Incident Details Page
Incident Management is not available on the Datadog site.
Every incident in Datadog has its own Incident Details page where you can manage your incident’s property fields, signals, tasks, documents, responders, and notifications. An Incident Details page is available after you create a new incident. The Incident Details page contains a global header for quick access to key actions, while the remaining body of the page is divided into different sections using tabs to group related incident data together. The first of these sections is the Overview.
The global header provides access to the Status and Severity selectors, and links to your Incident Integrations. After you’ve moved an incident to the resolved status, an option appears in the header to generate a postmortem Notebook using a postmortem template. Configure your postmortem templates in Incident Settings to predefine the structure and content of your postmortems.
Use the Overview section to specify an incident’s properties and define customer impact.
By default, all incidents have the following properties:
- Root Cause
- Detection Method
You can configure additional property fields in your Incident Settings by using the
<KEY>:<VALUE> pairs reporting in your Datadog metric tags.

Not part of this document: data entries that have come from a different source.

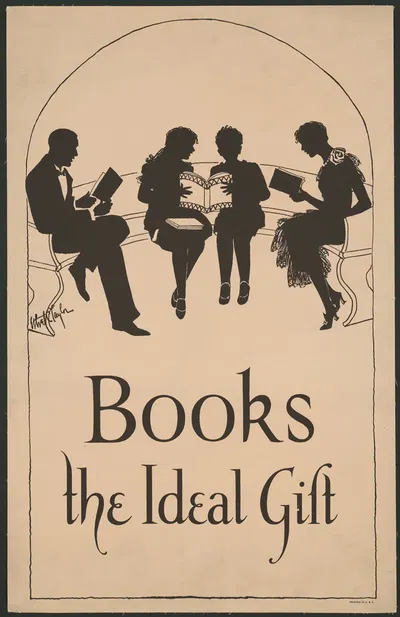 Books, the ideal gift by Ethel C Taylor, 1920 — digital art print download
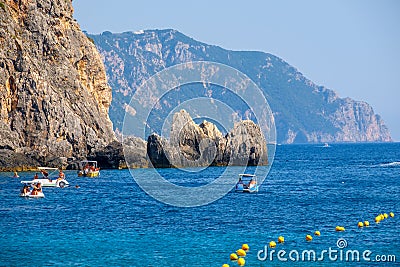 Beautiful island of Corfu, Paleokastritsa bay with charming and wonderful panoramic views Kerkyra Editorial Stock Photo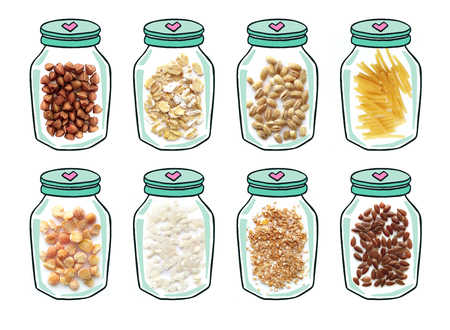 Cute collage kitchen tools, hand drawn illustration with different jars set: buckwheat, oatmeal, rice, millet, pease, noodle, barley, oats, flax. Clip art healthy diet food.の写真素材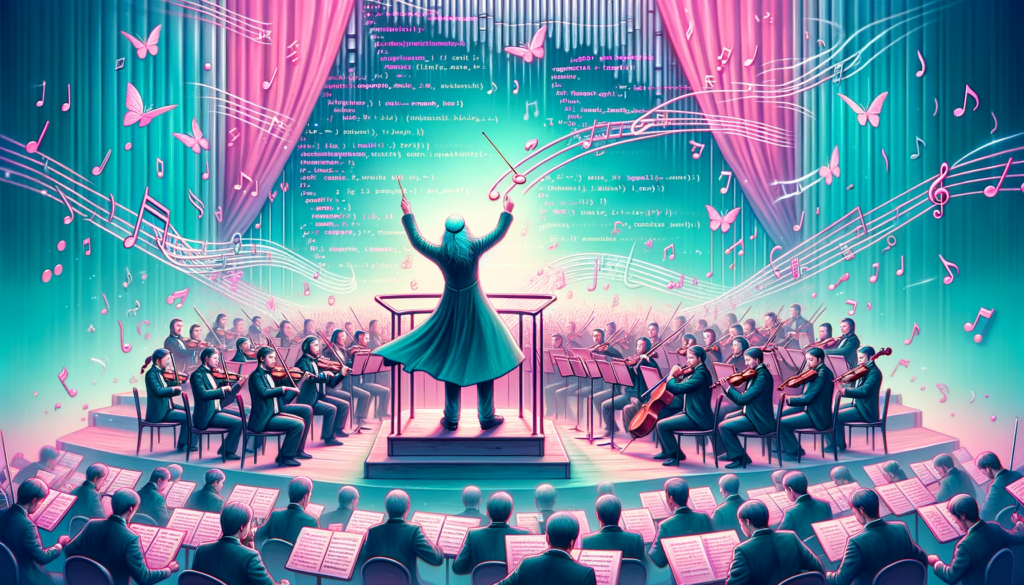  bard as a conductor in front of an orchestra made up of different musical instruments which symbolize different programming language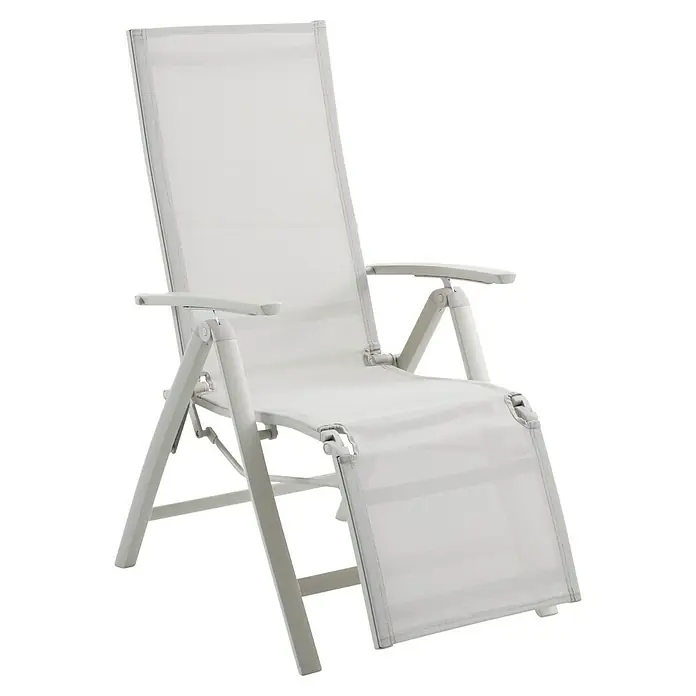 Sunfun Maja Garten-Liegestuhl - Aluminium, Textil, Rückenlehne verstellbar, Light-Greige, B x T x H: 61 x 69 x 111 cm - Eine weiße Gartenliege mit verstellbarer Rückenlehne und Fußstütze, ideal zum Entspannen im Freien.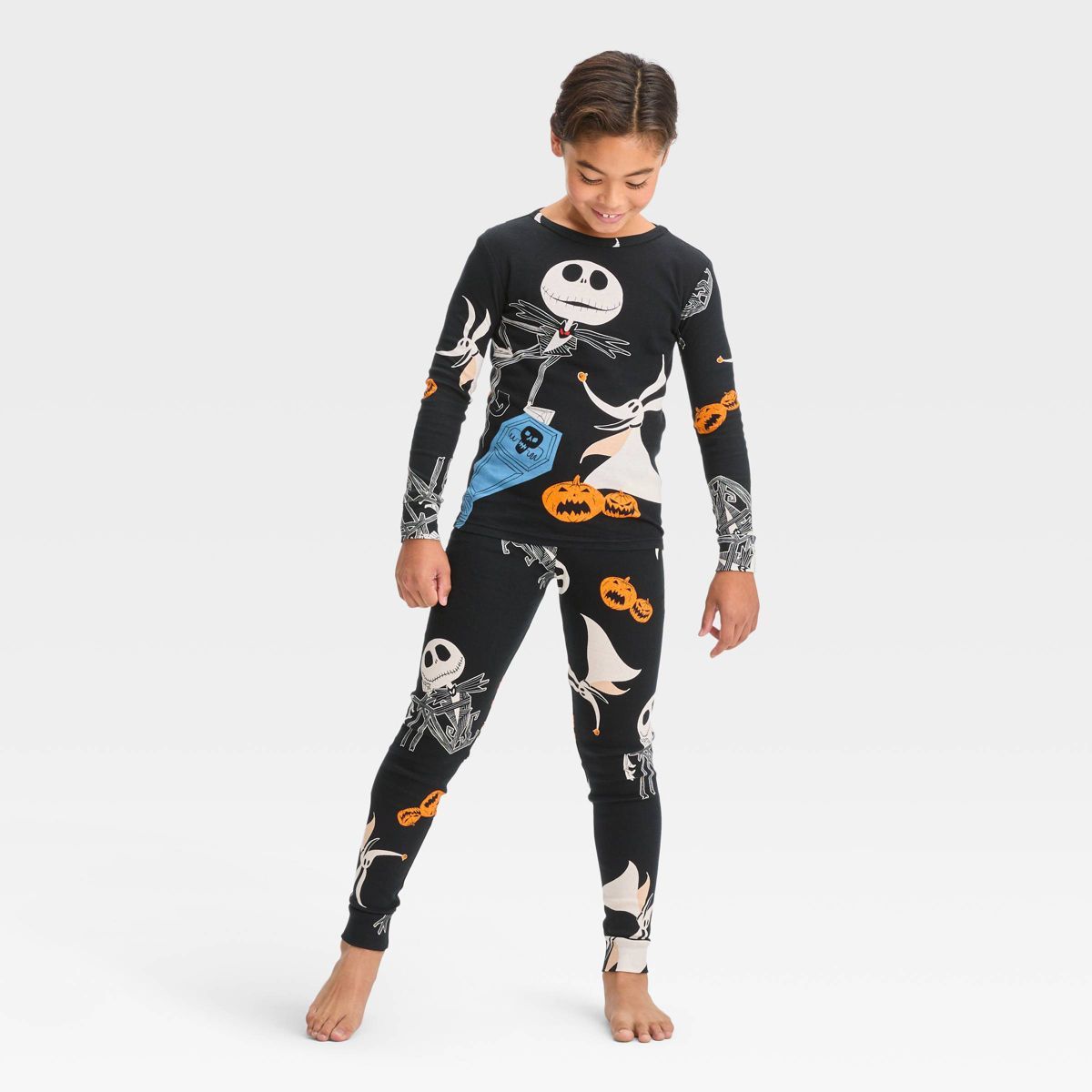 Boys' The Nightmare Before Christmas Halloween 2pc Snug Fit Long Sleeve Pajama Set - Black | Target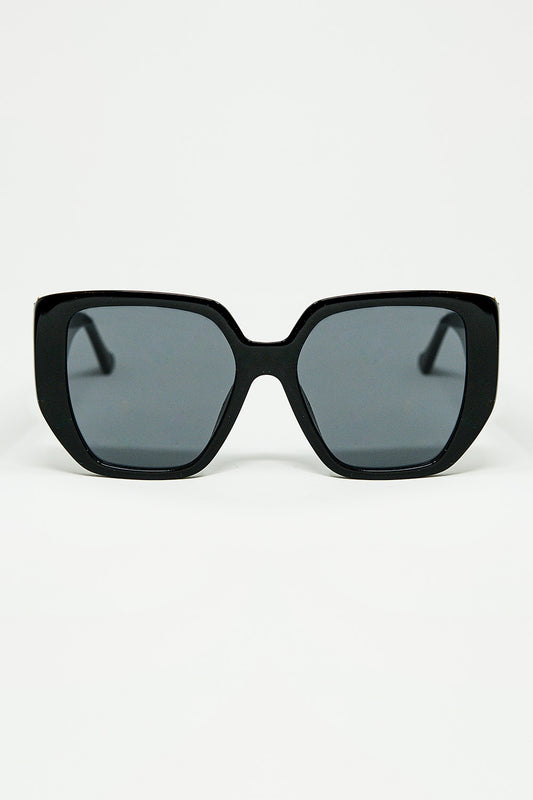 Q2 Gafas de sol negras estilo pin-up con diseño geométrico y ojos de gato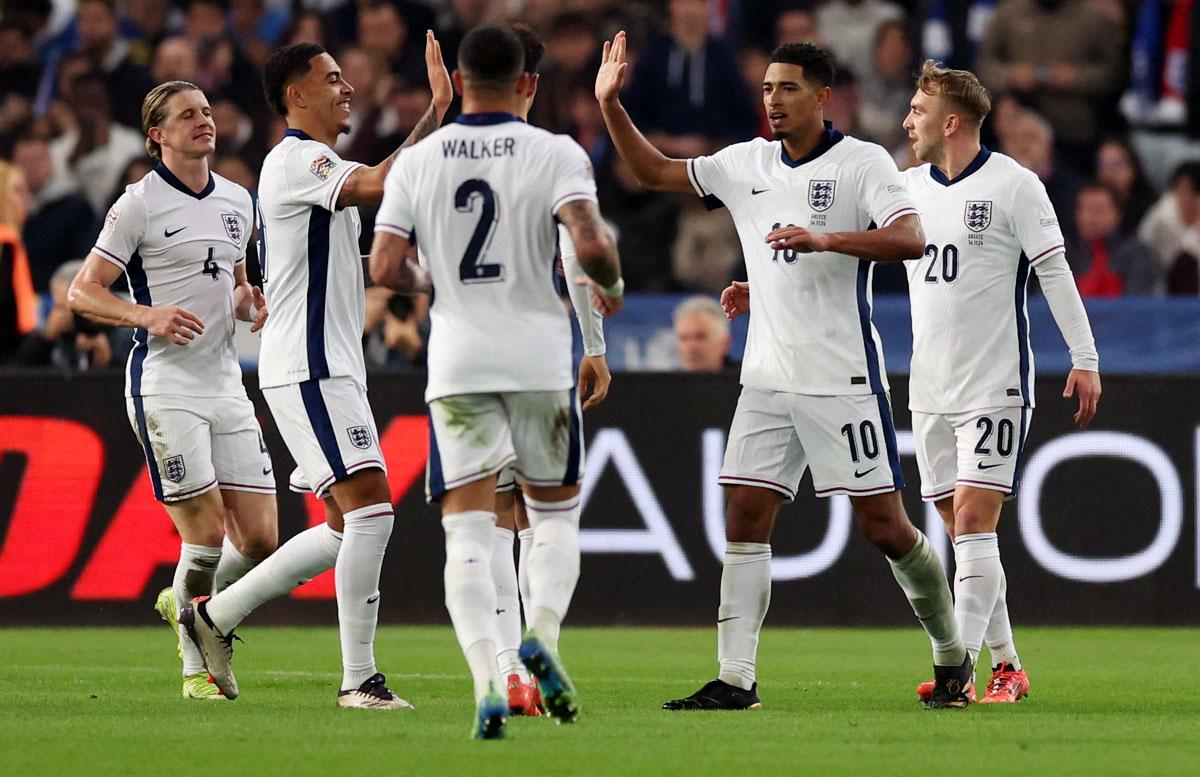 England's players celebrate their second goal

Assigning values to an incident’s properties makes it easier to search for subsets of incidents on the Incident Homepage and to form queries when using Incident Management Analytics.
If your incident is customer-facing, specify the details of the impact below the Properties section under the Impact heading:
- Select Yes for
- Specify a start date and time for the impact.
- Specify an end date and time for the impact or
Active if the impact is still ongoing.
- Describe the nature of the impact on customers in
Scope of impact.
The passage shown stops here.